1147. Minutes of Council of the Massachusetts Bay. H.E. adjourned the General Council till Nov. 19. [C.O. 5, 789. pp. 467, 468.]
Nov. 12.1148. Journal of House of Representatives of New York. Message from H.E. that he is directed by his Instructions to recommend to them the passing a Law for settling the value of Estates in goods or lands, under which they shall not be capable of serving as Jurors. Ordered, that Bill be brought in accordingly.
Memorial of Col. Heathcote read and ordered to lie on the table.
Petition of the inhabitants of New Rockel, in the County of West-Chester, read and ordered to lie on the table.
Nov. 13.Quotas for the 2,000l. agreed upon. [cf. Nov. 2.]
Bill declaring the illegality of the imprisonment, pretended tryal and condemnation of Col. Nicholas Bayard and Alderman John Hutchins, and for the prevention of the like proceedings for the future, was read the first time.
Nov. 14.The above Bill was read a second time and committed.

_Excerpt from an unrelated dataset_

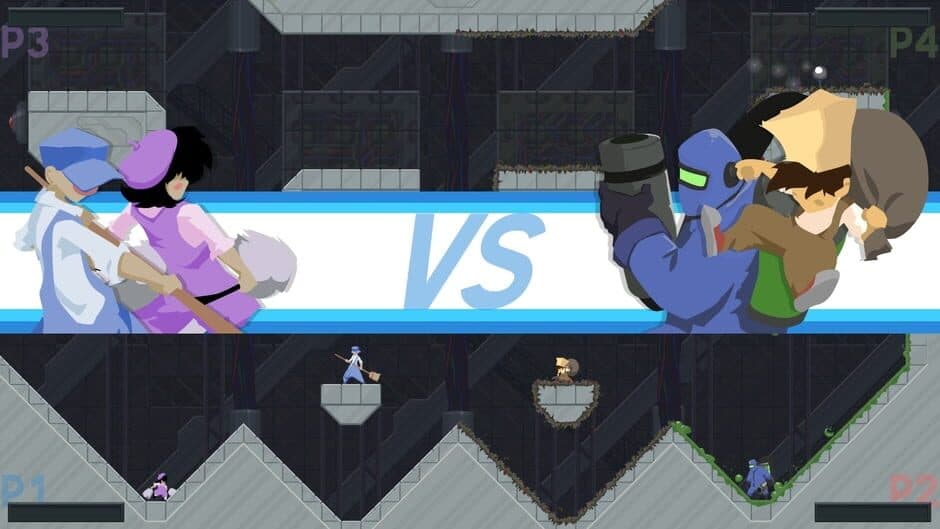 Dustforce screenshot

Memorial of William Sharpas, Post-Master of New York, read, setting forth that an Act for encouraging a Post Office, with sundry other Acts since made for continuing the same, were all expired by their own limitation, and praying that a Bill be brought in for continuing the same for such term of years as the House shall think fit. Ordered that a Bill be brought in accordingly.

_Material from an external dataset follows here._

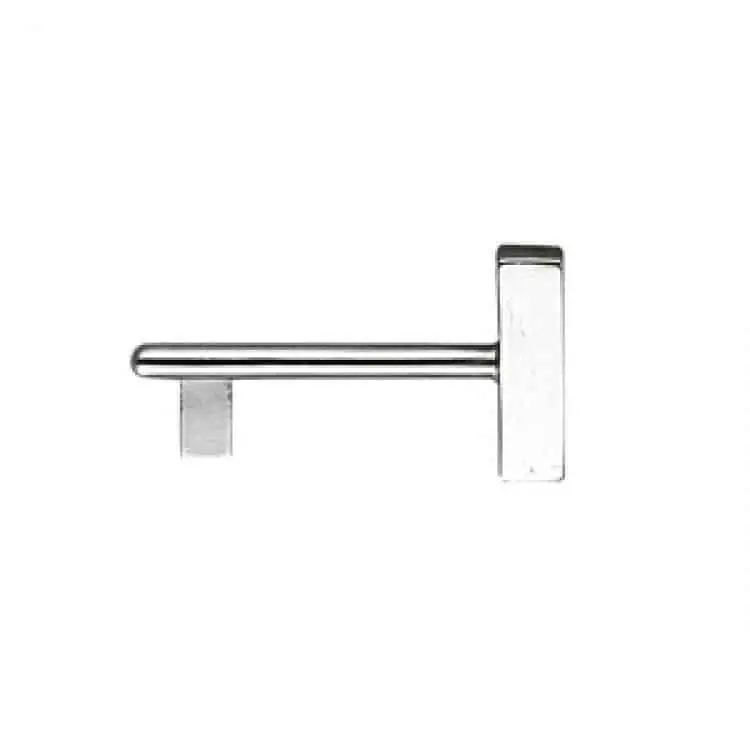 Actieprijs Chiave Olivari serie TIME finitura Ottone SuperOro Lucido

Bill, to enable the Mayor, Aldermen and Commonalty of the City of New York to raise 50l. per annum for seven years towards maintaining a School Master in the said City, read a first time.
Address sent up to H.E. that the House be adjourned to the City of New York.
Upon consideration of a Message from the Council, the House resolved, that when H.E. shall be pleased to lay before this House any extraordinary expense he hath been or shall be at, relating to the Government, this House will take the same into due consideration. This resolve was sent up.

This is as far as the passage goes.